PSW: Is it just having more time with the players? Or does something different need to happen on the training ground?
DK: I think [time] is part of it. Certainly tweaking our curriculum, continuing to develop “the D.C. United way,” is something that we’re doing on an ongoing basis. And having players more, for longer.
PSW: What are you looking for when you watch younger kids play? What traits matter for you?
DK: What matters to us is, are our kids playing the right way? Are we possessing the ball, do we have creative ideas on the field? Are we developing players who take risks in going forward and attacking? Versus, when I see the way some teams do it when they play against us: they drop back, play 4-5-1, play negative soccer, looking to – I don’t want to say destroy the game, but looking just to sit there and defend, as opposed to taking chances going forward. You know, defending is important, but defending a little higher up the field is important. Developing players who are comfortable on the ball – that is important to us.
PSW: When do you start evaluating the kids, as opposed to the academy coaching staff?
DK: When they’re under-16. We watch games and we listen – we get reports back from the coaches about players. We watch them play – if they’re doing really well and we’re happy with what we see, we bring them into the first team to train. That’s what we did with Bill, Ethan, Andy. So it’s a bit of a process.

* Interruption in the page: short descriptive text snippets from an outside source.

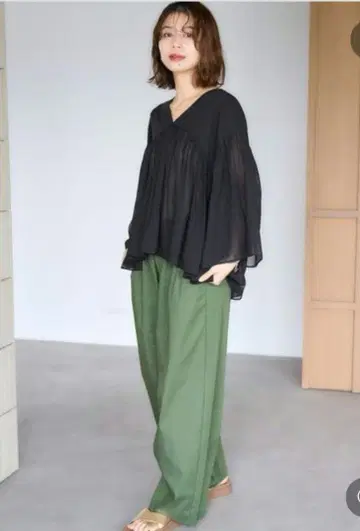 나이스 클립 카키 벌룬 팬츠 L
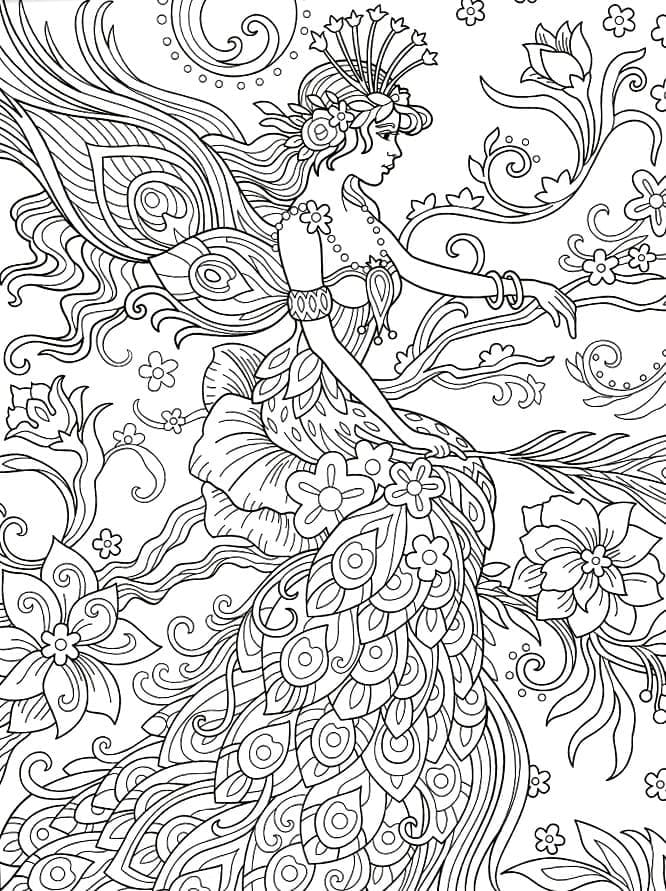 Desenho de Fada para Crianças para Colorir e Pintar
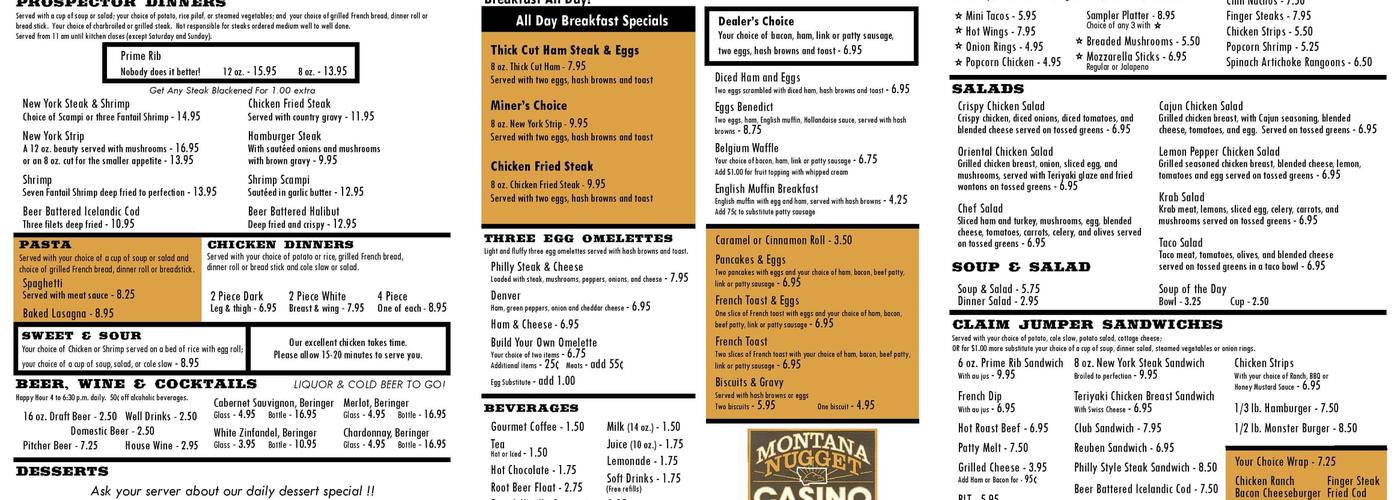 Montana Nugget Casino Menu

PSW: What about before they enter your academy system? Many people are fascinated by this aspect – by Andy’s story, for example.

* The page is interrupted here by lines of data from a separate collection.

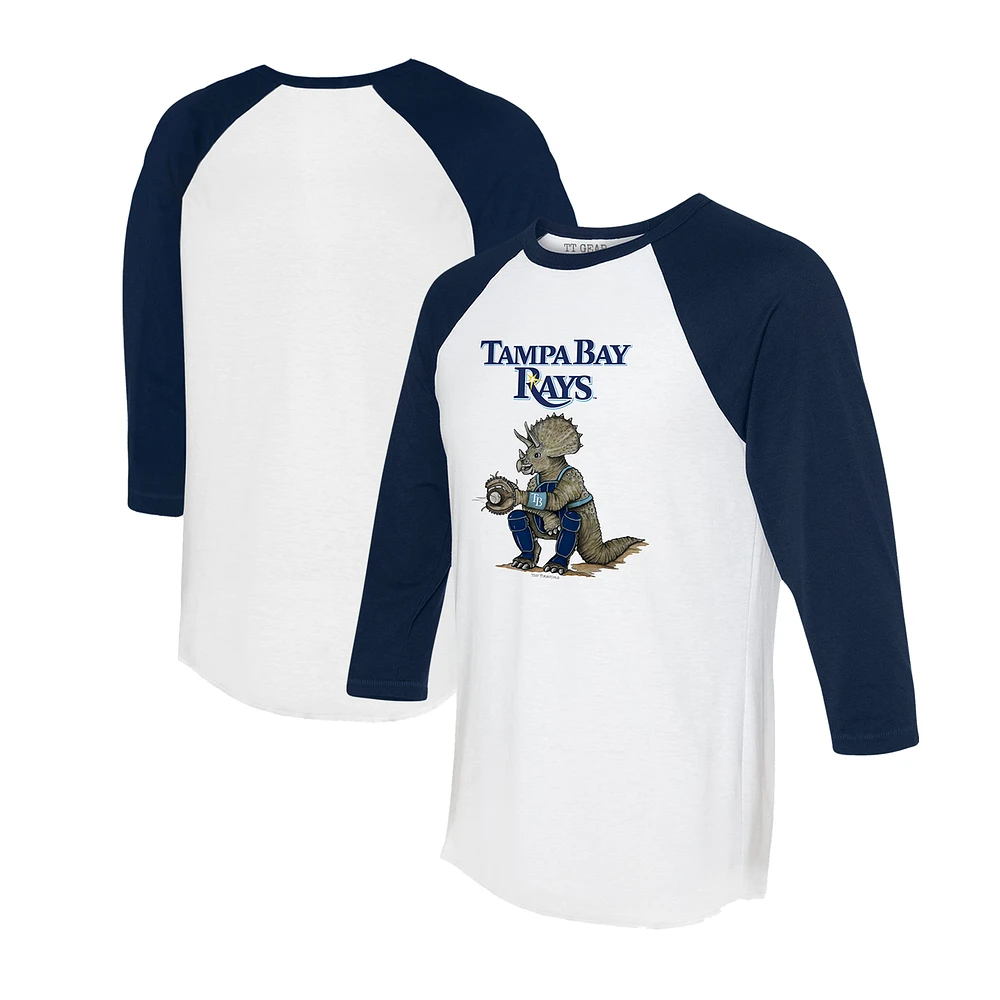 Unisex Tiny Turnip White/Navy Tampa Bay Rays Triceratops 3/4-Sleeve Raglan T-Shirt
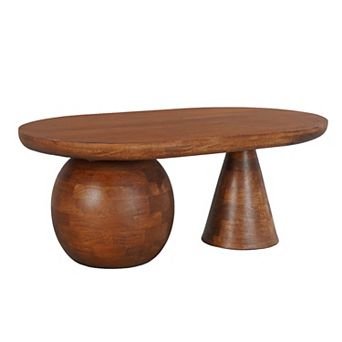 Leeds Coffee Table, 38" Handmade Walnut Brown Mango Wood Oval Top, Round Ball and Cone Base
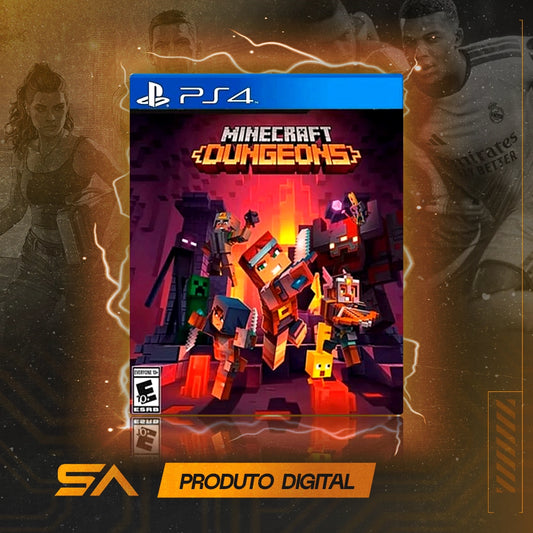 Capa oficial do jogo Minecraft Dungeons para PS4 em Mídia Digital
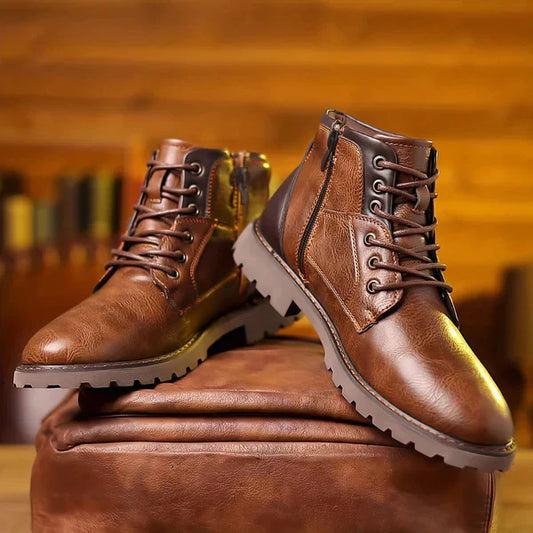 Jethro | Bottes à Lacets en Cuir Premium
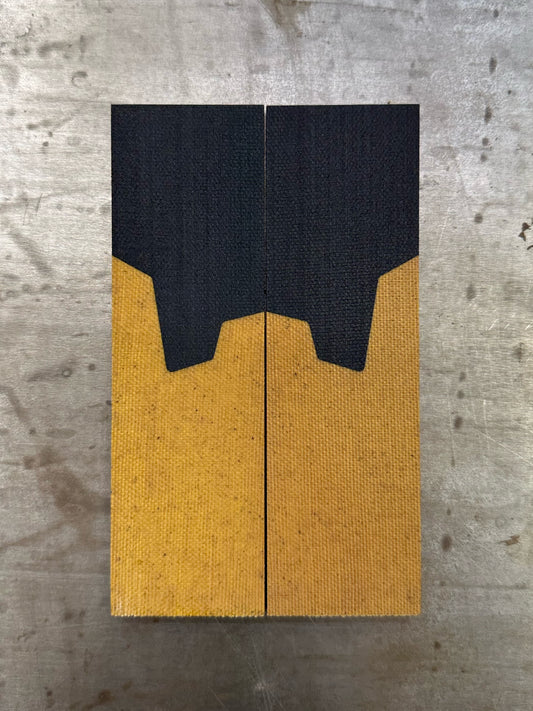 Black + natural canvas micarta. No Liner/Spacer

DK: Our youth coaches know what we’re looking for. We’re looking for talent, players who we think, by putting them into our environment, are going to excel and get better.
PSW: Finally, what advice would you give to a young player who wants to get into, and advance through, the United system?
DK: Yes , I think they have to first make the commitment that they want to be an elite soccer player. That means keeping themselves fit, eating right, that means being a student of the game. This is the information age: there’s so much access to soccer, on TV, on the internet. Reading about it, becoming a real student of the game – that, they need to do on their own.
Then playing as much as possible, working on their individual game in their backyard, playing street soccer with their friends. They need to do that. Then, obviously try to get on the best team possible, set goals for themselves as to where they want to be. To be a top class player is a real commitment and many sacrifices will have to be made. There's no other way.